A Denver native, I was an East High Angel, part-time I attended Fred N. Thomas Career Education Center in the early Nineties, where we shot on the CP-16 and edited on the Moviola flatbed, we also recorded on the Nagra. I went on to film school in New Mexico at the College of Santa Fe (now the Santa Fe University of Art and Design). I spent half of my time in the music department, and became proficient in Pro Tools. After College, I landed a gig as a boom operator on a low-budget indie, being shot in Fort Collins. It started out paying zip; about halfway through the film they came up with a little money, and they offered me something like a couple hundred bucks a week. Then, after working on several sound projects of similar caliber, I bought a small package and relocated to Los Angeles.

I worked professionally in LA for five years. The great thing about that town was that I would find myself working on the gamut of film, video, music video, commercial, reality, ENG/EPK and documentary projects that were shooting at that time. It was a revolving door of random projects, and I was basically a day-player. That’s how you really learn the town, because you could wind up shooting anywhere tomorrow. I mixed several low-budget indies, the kind shot at Lacy Street Studios and on-location, not the big studios.. But, I still had this desire to work on the big shows. I was married in 2006. My wife and I moved to Santa Fe in 2007, where I had college contacts, and the feature film and TV series businesses were hopping. After a short time getting into the network of sound technicians, as well as the union, I began to get my first taste of the big budget movies and TV series. I fell in as a boom operator, even though I really wanted to mix, but looking back, that was for the best because I truly was not prepared for the desert and all-weather shooting, most people aren’t. In New Mexico, they say every show is a western, and that’s what they mean. It takes special experience and gear to work in those conditions. Scorching heat, 80mph wind gusts; then freezing ice and snow, not to mention the altitude. It’s a very unforgiving environment, especially when it comes to expensive sound equipment. The other sound mixers there had decades of experience before I came along; these guys were experts of movie production in New Mexico, and I wanted to learn from the best. So, I boomed. Turns out it was a good position to have because so few others wanted to do it, and many of those who wanted to, were just not able to give what’s necessary for the job.
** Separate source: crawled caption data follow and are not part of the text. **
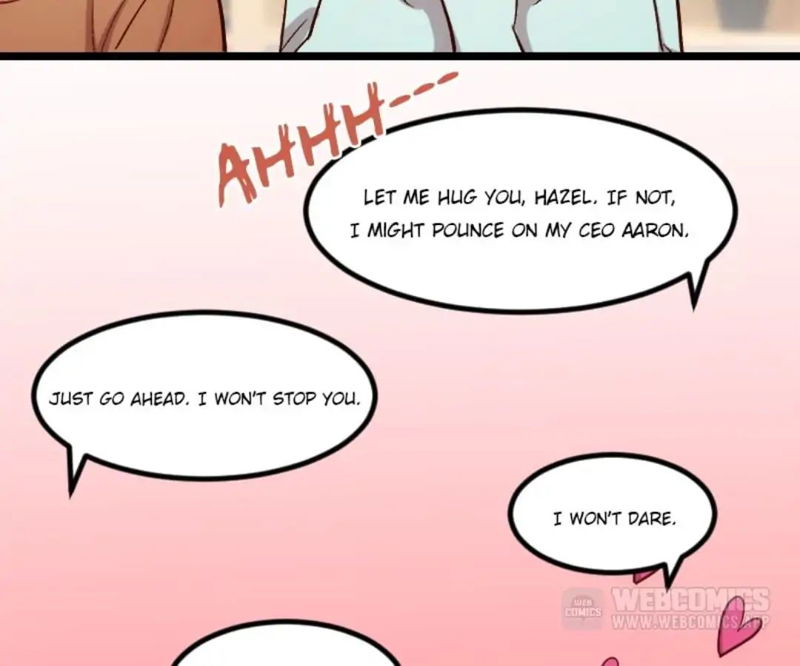 CEO's Sudden Proposal Chapter 94 page 22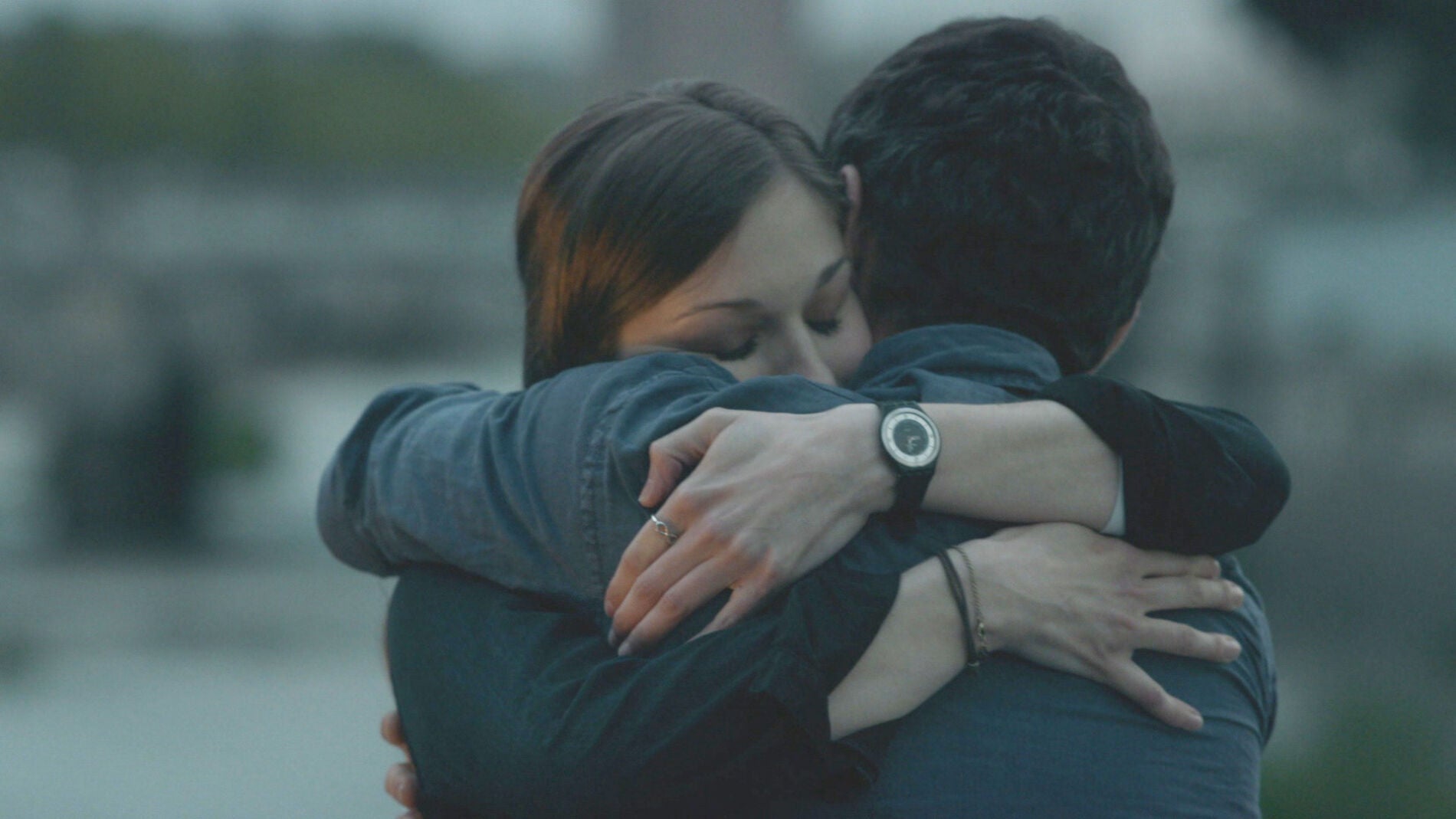 &Aacute;lex y Lara se despiden para siempre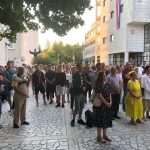 (FOTO i VIDEO) Hrvati iz domovine i iseljeništva hodočaste Čudotvornoj Gospi Sinjskoj (FOTO i VIDEO) Hrvati iz domovine i iseljeništva hodočaste Čudotvornoj Gospi Sinjskoj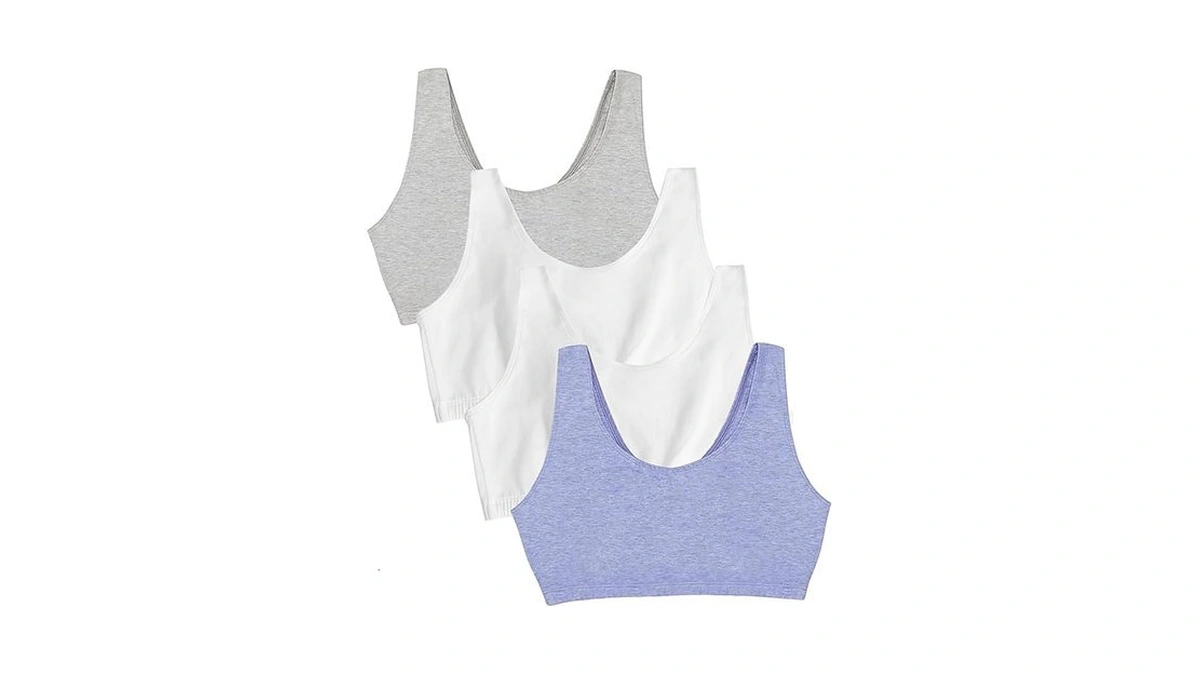 Fruit Of The Loom Women's Built Up Tank Style Sports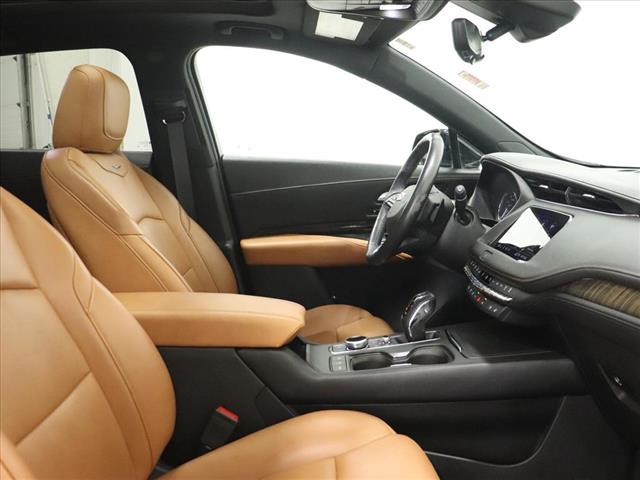 2019 Cadillac XT4 Premium Luxury:D13286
I worked to establish solid relationships with the best sound mixers I could meet; namely Bayard Carey (The Missing, Crazy Heart), David Brownlow (Hoosiers, The Spirit) and Darryl Frank (Breaking Bad, The Last Stand). These were the local guys, but often, big LA sound mixers would come into town, and I’d get the opportunity to work with guys like David Macmillan who has won three Oscars for sound mixing. Over all, I’d say my best film is Crazy Heart, and my best TV series is definitely Breaking Bad. Although I worked on No Country for Old Men, I was a Second Unit Sound Mixer, and I was not credited. This happens often if you only do a short stint on a movie.